Why the ancient goddess manifests as the ‘Mill Hag’ is Buile Suibhne is still somewhat mysterious, indicating that the reader or listener was expected to know and understand why she manifests in such a rôle. Another tantalising hint at why this occurs is found in the conclusion of the story, in which Suibhne (like all good pagan heroes committed to the hands of Ireland’s christian mythographers) commits his last days to the care of Saint Mo Ling in Leinster, who was famed for his legendary water mill and whose name itself evokes the very word for Mill – Muillean – such that the anglicised version of his name is ‘Saint Mullins’. In fact, his legend states that the saint built a mile-long millrace connecting the river Barrow to his mill at Tighe Moling (now known as St Mullins). A hagiography (copied by one of the O’Clery brothers in the 17thC) contains accounts of his oratory being miraculously filled with grain, in order to pay the legendary Gobbán Saer (and his wife) who builds his houses and religious buildings at Teach Moling from the remains of the pagan Yew of Ross, said to have been felled by the Christian evangelists. Like the leaping Suibhne, Moling’s hagiography contains an episode in which he performs a series of leaps in order to confound and escape some evil spirits. How fitting, then that this saint would become the selfsame mad king’s guardian!

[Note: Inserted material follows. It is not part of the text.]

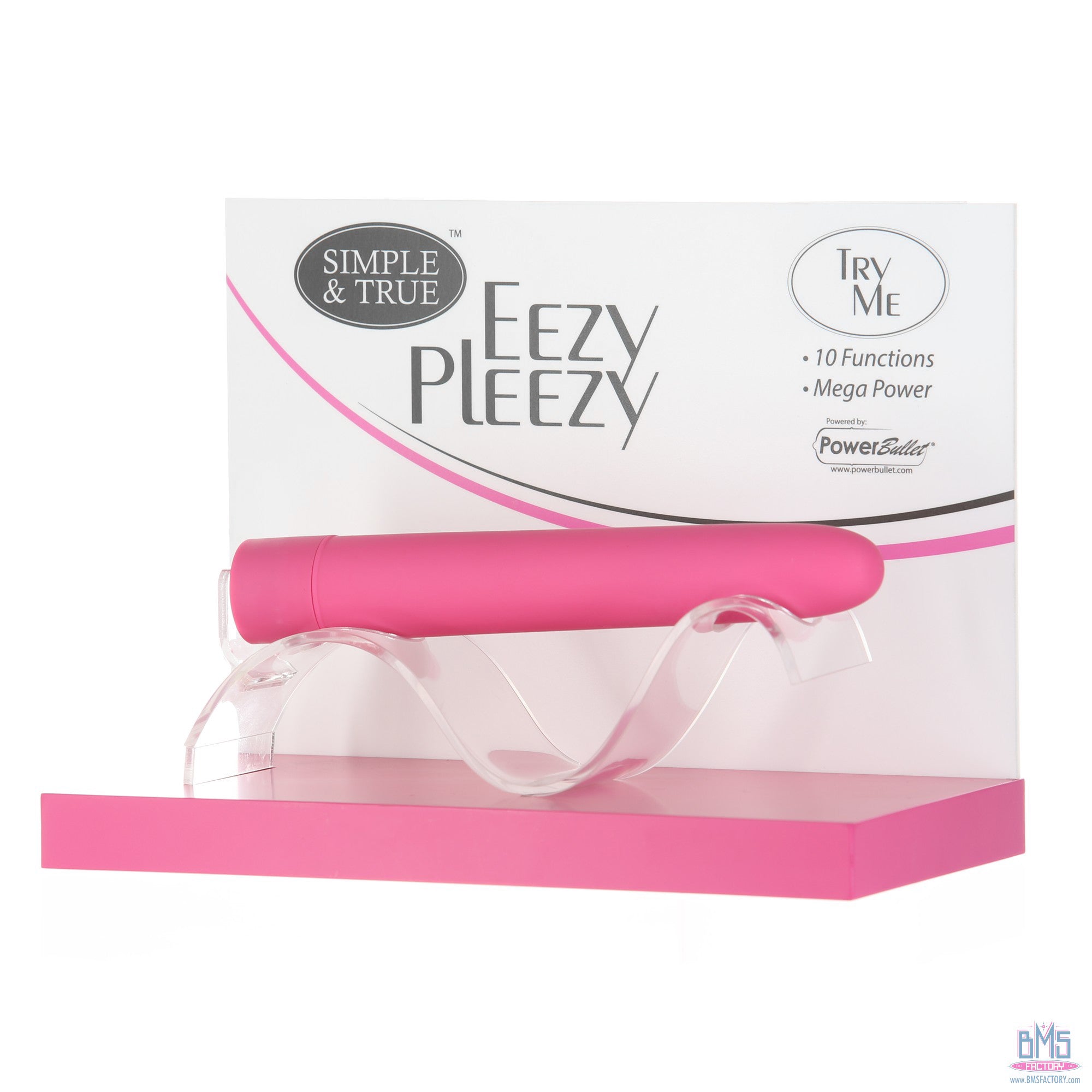 Eezy Pleezy - Vibrateur Classique 7" - Rose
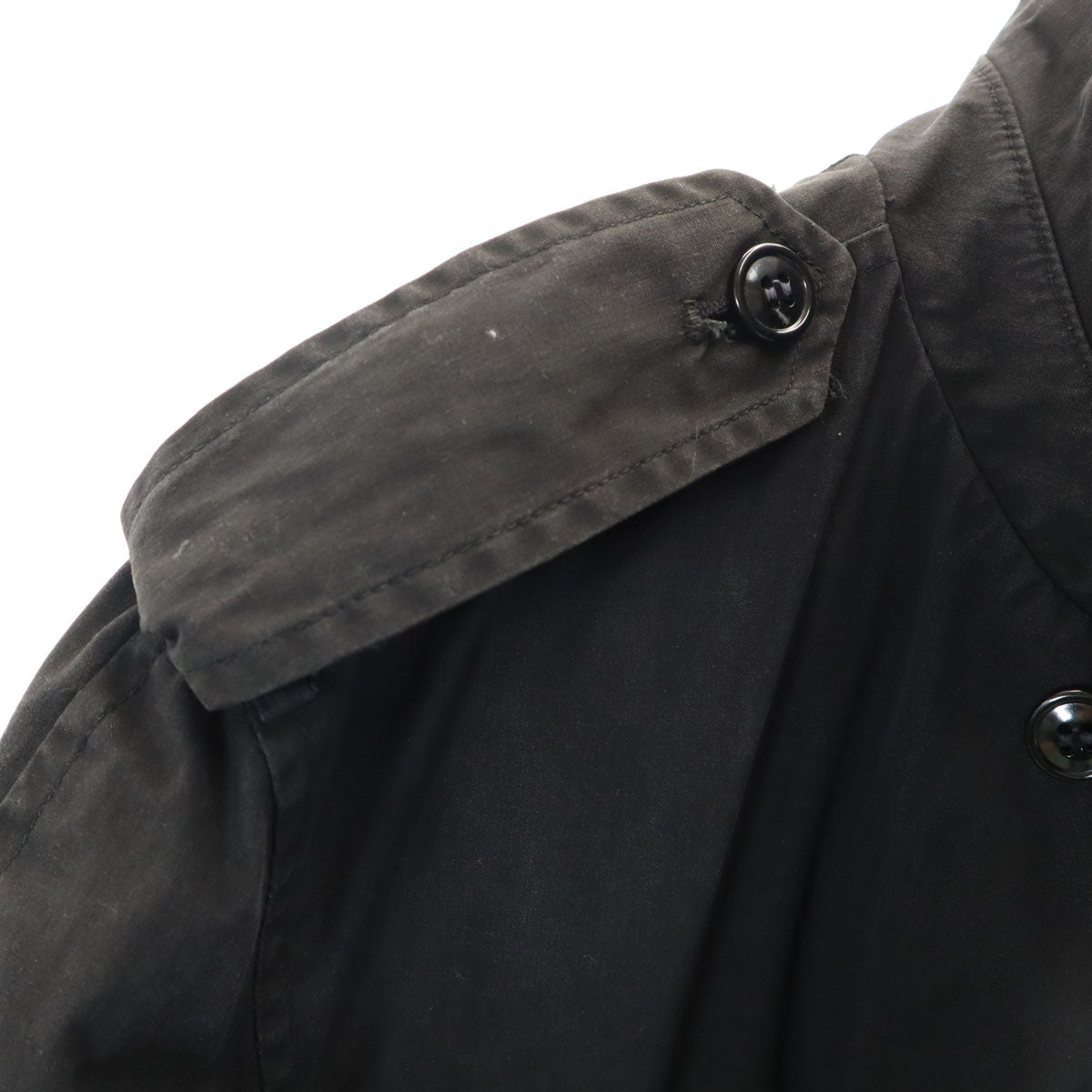 US NAVY アメリカ海軍 80s ヴィンテージ DLA オールウェザーコート ミリタリーコート 38 ブラック系 ライナー メンズ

Students of the British traditions of Merddyn/Merlin discussed by Geoffrey of Monmouth will instantly be able to identify his own madness with the fate of Suibhne in the Irish story. The sylvan state of beast-like insanity and living among swine is a potent invocation of the pagan mysteries, except that in the christian narrative of Buile Suibhne the care and fate of Suibhne becomes dependent wholly upon the charity of saints Ronan Finn and Moling. Of the characters in Geoffrey’s Vita Merlini who might answer to that of the Irish/Scots/Manx Cailleach, the briefly-mentioned Morgen or Morgan who resides in a mystic island is the most likley candidate. She actually appears in the Martyrology of Donegal as a Saint, under the name Muirgen (‘Born of the Sea’) or Liban! In the ‘Sickbed of Cuchullain’ from the Ulster Cycle tales, ‘Liban’ is the sister of Manannan’s wife, Fand. Fionn mac Cumhaill’s nursemaid, indeed. Or maybe Mongan, or perhaps Manannan? Here is a translation of the entry:

MUIRGHEIN : i.e., a woman who was in the sea, whom the Books call Liban, daughter of Eochaidh, son of Muireadh ; she was about three hundred years under the sea, till the time of the saints, when Beoan the saint took her in a net, so that she was baptized, after having told her history and her adventures.

 

Muirgen

 

 

 

Careless lake ladies and mermaids – flood myths in Celtic folklore

“…There is a lake in Ulster of vast size, being thirty miles long and fifteen broad, from which a very beautiful river, called the Banna, flows into the Northern ocean. The fisher-men in this lake make more frequent complaints of the quantity of fish inclosed in their nets and breaking them than of the want of fish. In our time a fish was caught here which had not come up from the sea, but was taken descending the lake, and was in shape very like a salmon, but it was so large that it could neither be dragged out or conveyed whole, and therefore was carried through the province cut in pieces. It is reported that this lake had its origin in an extraordinary calamity. The land now covered by the lake was inhabited from the most ancient times by a tribe sunk in vice, and more especially incorrigibly addicted to the sin of carnal intercourse with beasts more than any other people of Ireland. Now there was a common proverb in the mouths of the tribe, that whenever the well-spring of that country was left uncovered (for out of reverence shown to it, from a barbarous superstition, the spring was kept covered and sealed), it would immediately overflow and inundate the whole province, drowning and destroying all the population. It happened, however, on some occasion that a young woman, who had come to the spring to draw water, after filling her pitcher, but before she had closed the well, ran in great haste to her little boy, whom she heard crying at a spot not far from the spring, where she had left him.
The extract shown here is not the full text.